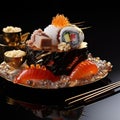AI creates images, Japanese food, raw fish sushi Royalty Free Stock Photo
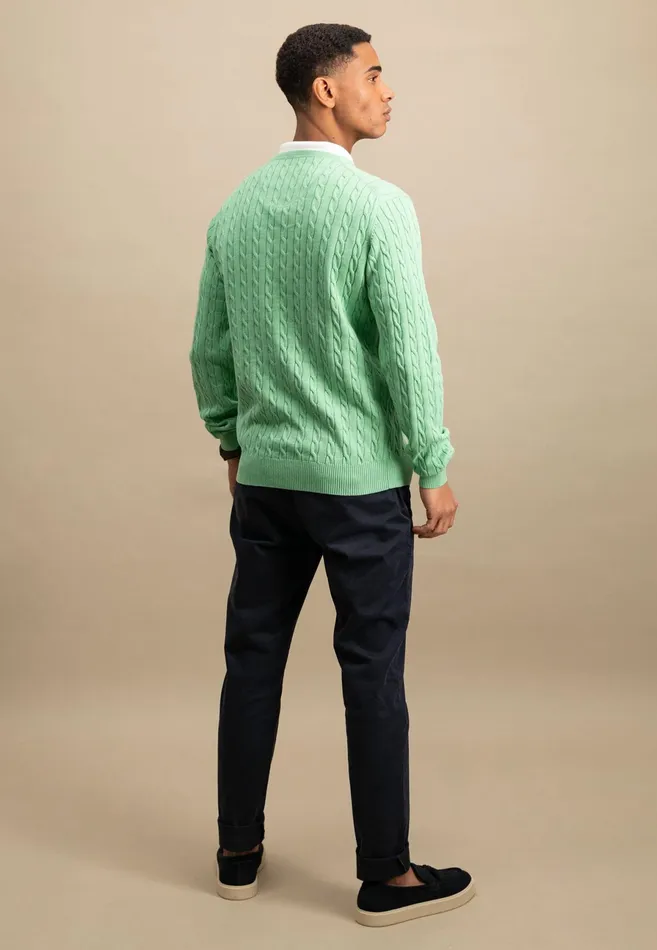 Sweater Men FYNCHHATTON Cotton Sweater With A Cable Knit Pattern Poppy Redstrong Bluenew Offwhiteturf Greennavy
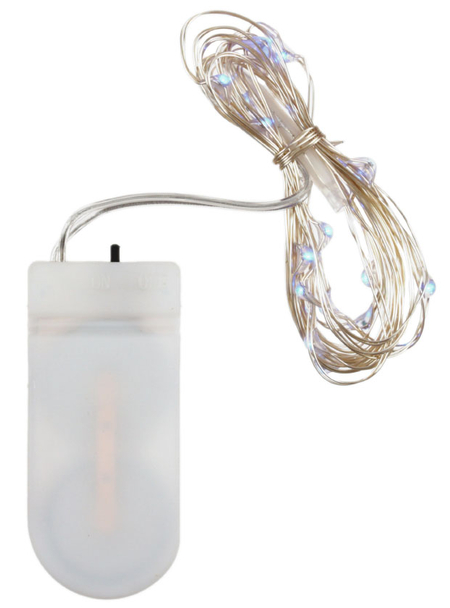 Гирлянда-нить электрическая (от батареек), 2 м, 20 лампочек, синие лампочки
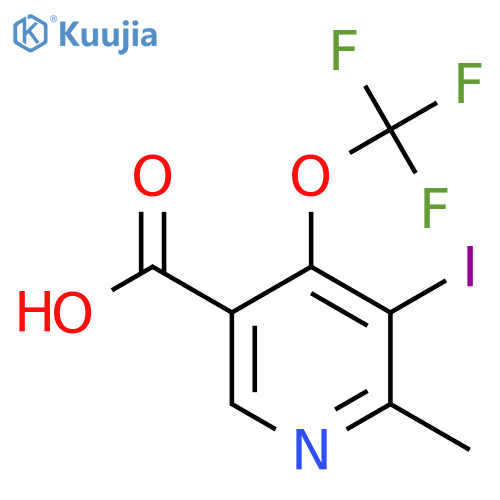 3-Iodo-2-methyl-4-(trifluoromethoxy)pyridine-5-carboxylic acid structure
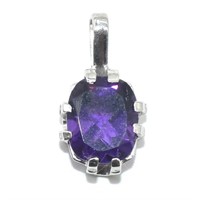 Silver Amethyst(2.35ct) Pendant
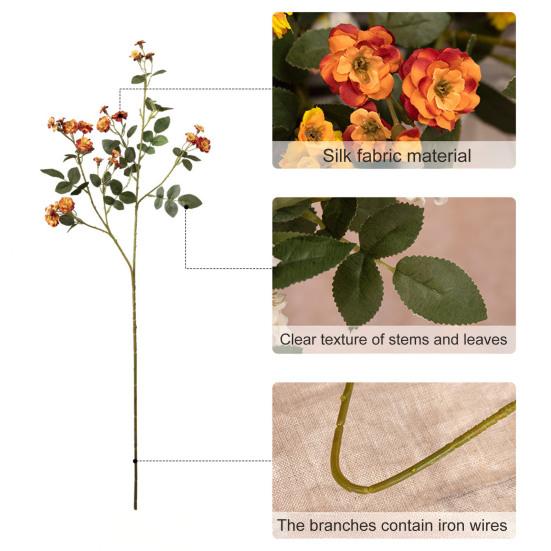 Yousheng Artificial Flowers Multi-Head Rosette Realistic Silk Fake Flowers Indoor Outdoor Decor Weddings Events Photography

━━━━

Copy nothing but the lines above from the one with "Sweater Men FYNCHHATTON" through the end of the material, word for word, and drop the pictures.

 Sweater Men FYNCHHATTON Cotton Sweater With A Cable Knit Pattern Poppy Redstrong Bluenew Offwhiteturf Greennavy
 Гирлянда-нить электрическая (от батареек), 2 м, 20 лампочек, синие лампочки
 3-Iodo-2-methyl-4-(trifluoromethoxy)pyridine-5-carboxylic acid structure
 Silver Amethyst(2.35ct) Pendant
 Yousheng Artificial Flowers Multi-Head Rosette Realistic Silk Fake Flowers Indoor Outdoor Decor Weddings Events Photography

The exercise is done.